Ces propos ont valu aux deux journalistes des accusations de collusion avec le PS et de parti pris contre la ministre de la Culture sortante.

Des réactions indignées ont émané aussi bien des Républicains que du Rassemblement national et de La France insoumise, révélant un consensus politique rare sur la gravité de ces révélations. Cette unanimité dans la critique transcende les clivages habituels et témoigne de l’importance accordée à l’indépendance journalistique dans le paysage médiatique français.

Legrand et Cohen ont exigé par huissier l’intégralité des images, sans montage.

Mercredi soir, L’Incorrect a annoncé avoir fait constater par huissier que les images brutes étaient « conformes aux propos » publiés. « Il n’y a pas de propos qu’on leur fait dire qu’ils ne disent pas », a assuré à l’AFP son directeur de rédaction, Arthur de Watrigant.

Dans la foulée, Thomas Legrand a renoncé à son émission dominicale sur France Inter, tout en continuant d’intervenir à l’antenne.

L’affaire Legrand-Cohen a été largement relayée sur CNews, Europe 1 et dans le Journal du dimanche (tous détenus par le groupe Bolloré), qui y ont vu la preuve d’un parti pris politique du service public.

De leur côté, Mme Ernotte et Mme Veil dénoncent une attaque organisée : « Nous aimerions connaître votre position sur le sujet », écrivent-elles à l’Arcom.

« Une campagne de déstabilisation » ?

Depuis plusieurs années, les médias du groupe Bolloré accusent régulièrement l’audiovisuel public d’un biais en faveur de la gauche, notamment sur les questions d’immigration et d’insécurité.

À l’inverse, des responsables politiques de gauche reprochent à CNews et à Europe 1 de diffuser des idées proches de la droite nationaliste, ce que ces médias contestent. Jusqu’ici, France Télévisions et Radio France n’avaient jamais directement répondu à ces attaques.

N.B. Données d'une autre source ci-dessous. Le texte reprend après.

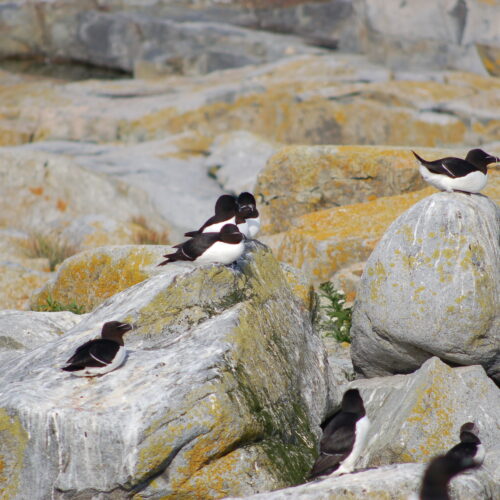 Razorbill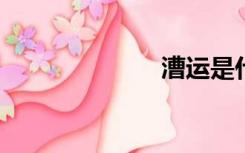 漕运是什么意思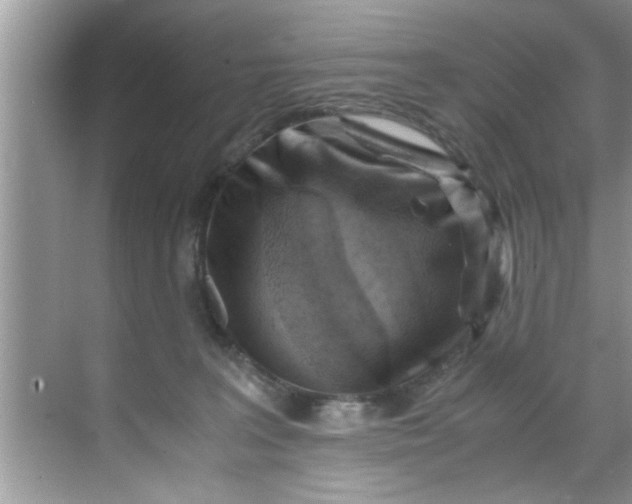 X0000069410227200605262217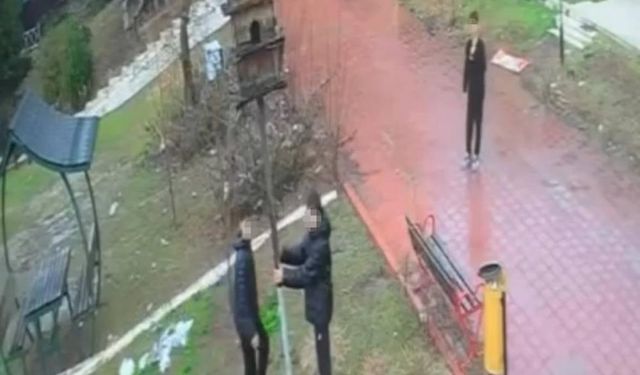 Parkta Üzücü Görüntüler: Kuş Yuvasına Zarar Veren Çocuklar Kamerada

Un tournant a eu lieu ce week-end : deux responsables de Radio France ont réfuté publiquement les accusations samedi. Lundi, dans un message interne consulté par l’AFP, Sibyle Veil a dénoncé « une campagne de déstabilisation ».

En réaction, Pascal Praud, animateur vedette de CNews, a lancé en ouverture de son émission L’Heure des pros : « Ces gens deviennent fous », dénonçant « une offensive tous azimuts contre ce que les bien-pensants nomment la presse Bolloré, mais qui est tout simplement une presse libre et indépendante ».

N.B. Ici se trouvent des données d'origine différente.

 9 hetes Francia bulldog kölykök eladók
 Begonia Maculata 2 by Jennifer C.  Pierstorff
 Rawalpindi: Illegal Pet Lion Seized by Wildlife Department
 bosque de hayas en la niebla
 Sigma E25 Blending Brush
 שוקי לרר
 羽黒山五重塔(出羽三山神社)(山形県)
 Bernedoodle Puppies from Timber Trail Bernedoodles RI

L’audiovisuel public saisit l’Arcom

Dans un courrier adressé au régulateur, les présidentes de France Télévisions et Radio France, Delphine Ernotte Cunci et Sibyle Veil, affirment : « France Télévisions et Radio France font actuellement l’objet d’une campagne de dénigrement systématique et quotidienne par un autre groupe de médias, en particulier sur les antennes de la chaîne de télévision CNews et de la station de radio Europe 1 ».

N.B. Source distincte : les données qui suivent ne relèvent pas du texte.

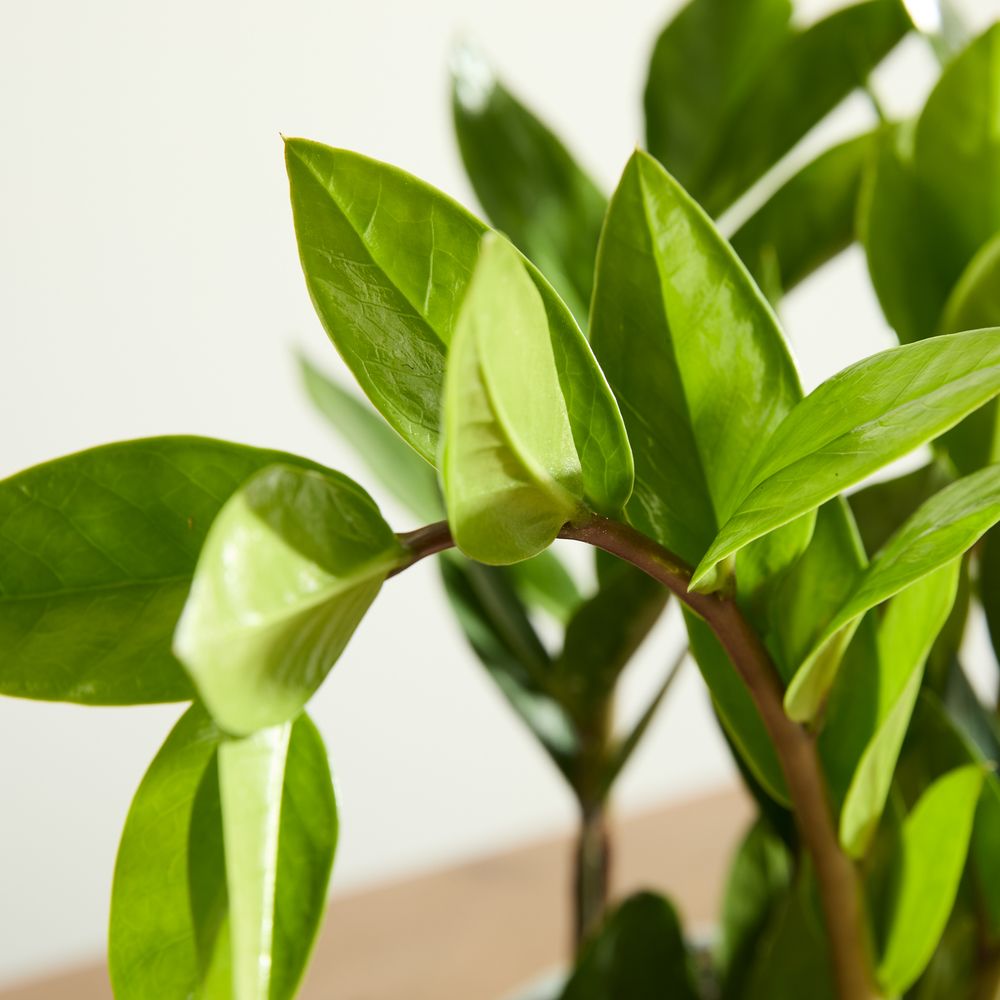 Zizi Plant with Pot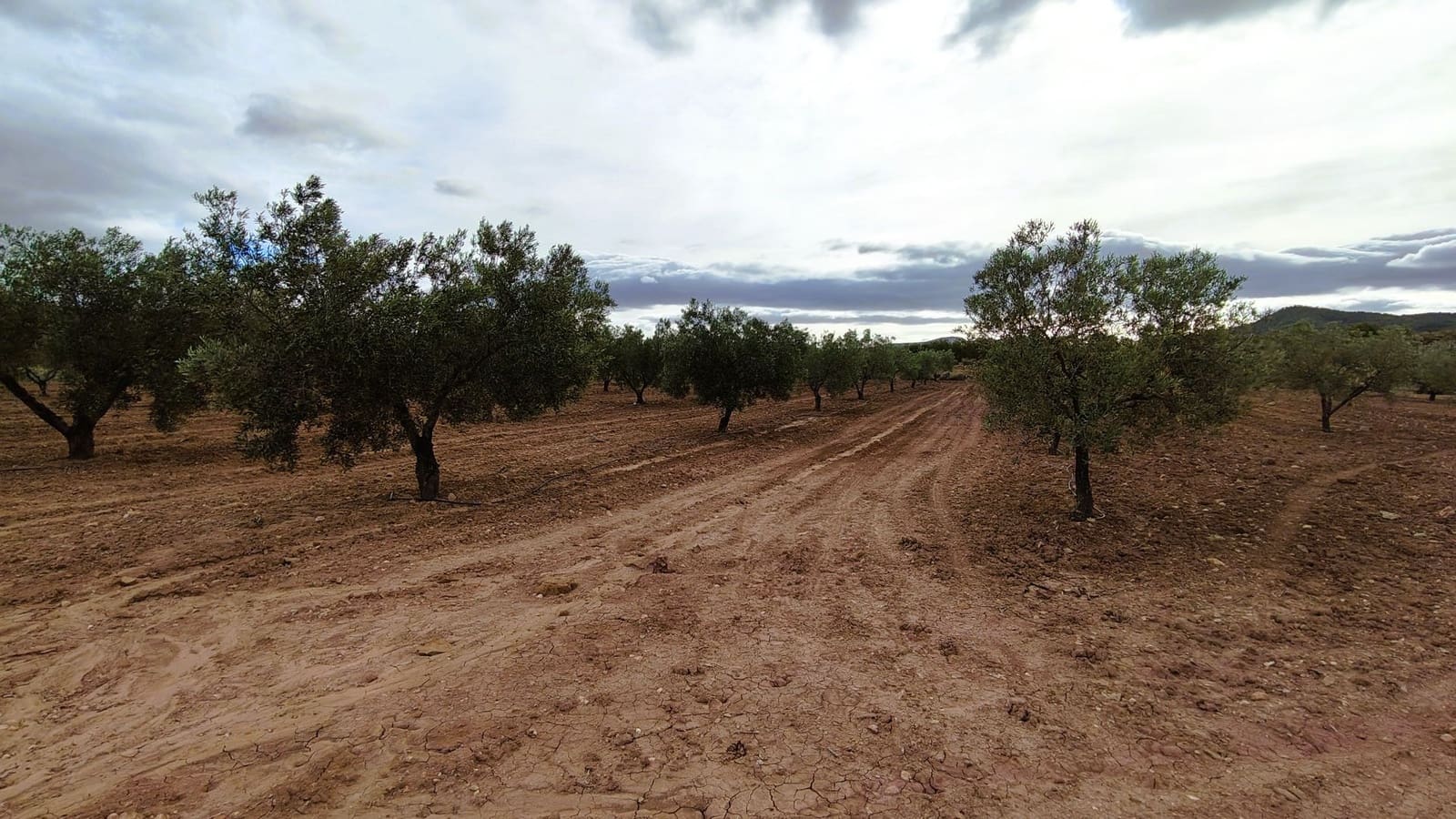 Finca/Casa di Campagna in vendita in Monovar / Monover - 45.900 € (Rif: 9346763)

Les deux dirigeantes estiment que « le caractère outrancier et déséquilibré de cette campagne dépasse désormais le simple débat d’opinions » et qu’elle contribue « à fragiliser la qualité du débat démocratique ».

Elles dénoncent également « le temps d’antenne très significatif » consacré par CNews et Europe 1 à des « propos dénigrants » et demandent au président de l’Arcom, Martin Ajdari, de prendre position.

L’Arcom veut travailler sur « l’impartialité du service public »

Les présidentes des deux groupes publics, Delphine Ernotte Cunci et Sibyle Veil, ont été convoquées et entendues mercredi par l’Arcom au sujet de l’affaire Legrand-Cohen.

« L’Arcom n’est pas compétente pour se prononcer sur des vidéos qui n’ont pas été diffusées à l’antenne, ni sur le respect de la déontologie professionnelle des journalistes, qui relève de leur employeur », a précisé l’autorité indépendante dans un communiqué.

Dans un contexte de défiance envers les médias et les institutions, l’Arcom affirme vouloir « poursuivre et approfondir ses travaux visant à conforter l’impartialité de l’audiovisuel public et à en mesurer la perception par le public ».

Elle indique avoir « décidé de lancer un travail destiné à objectiver la portée concrète de l’exigence d’impartialité », sans toutefois en détailler les modalités.

Par ailleurs, le régulateur annonce la mise en place « d’une étude indépendante – quantitative et qualitative – sur la perception et les attentes du public en la matière ».

L’Arcom souhaite associer à cette démarche les comités d’éthique de France Télévisions et de Radio France, afin d’intégrer leurs travaux dans son évaluation.